The Machine leverages SCM and other technologies to create terabyte- and petabyte-sized pools of universal, non-volatile memory. One key piece of that solution is the memristor, a resistor that stores data after losing power, but HP’s commercialization of that technology has been slower than expected.
Coming to a Desktop Near You?
So far, neither of the first two types of SCM are going to be available for at least a year or more. Adoption at the workstation level will be even farther off.
These new memory solutions create fast storage that could provide benefits for professional workstation applications with high storage demands. Abraham, however, thinks workstation users will have better results in the short term with flash-based SSDs for now because of the lower price point. That will change as the technologies mature and prices come down.

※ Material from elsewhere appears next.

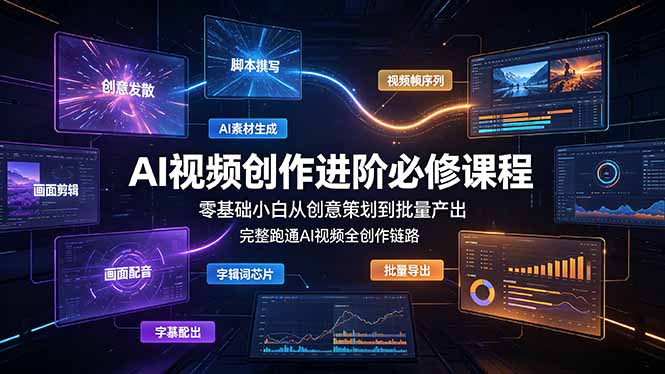 （19159期）AI视频创作进阶必修课程：零基础小白从创意策划到批量产出，完整跑通AI视频全创作链路-低成本创业项目大全｜短视频带货+AI副业变现｜知行创业网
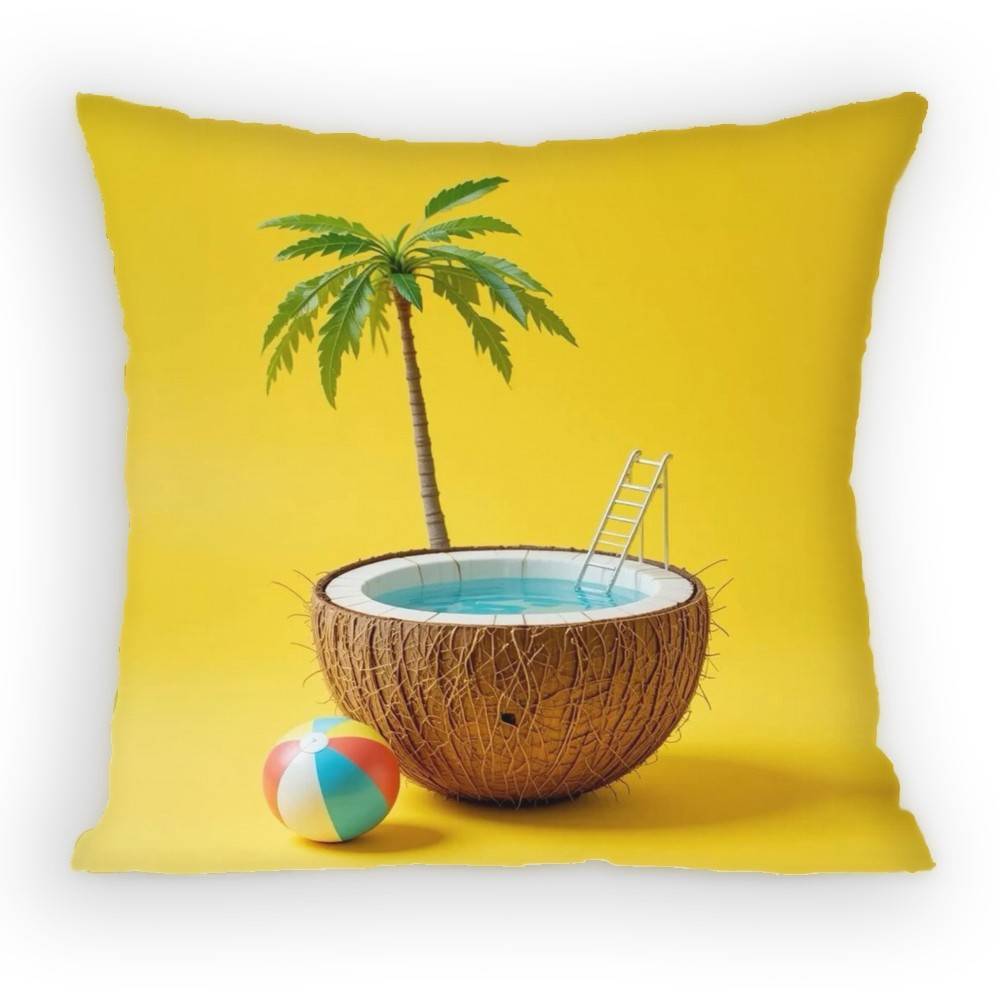 Summer Refreshing Coconut Palm Tree Beach Pillow Case Antidustmite Pillowcase Invisible zipper silky Sofa cover for bedroom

Dell plans to adopt the technology as soon as it’s available and proven, and the company expects that CAD and simulation users will clamor for it. In the meantime, workstation manufacturers continue to load up on the number of cores available on their machines via Intel’s Xeon products.
“CAD applications are memory hungry, and products are just getting more complicated,” Dell’s Gialusis says. “The amount of analysis work is increasing, and more products are integrating both mechanical and electrical components. Products are more complex. We’re all trying to make engineers as productive as possible, and these memory developments are another piece of the puzzle that help us enable that.”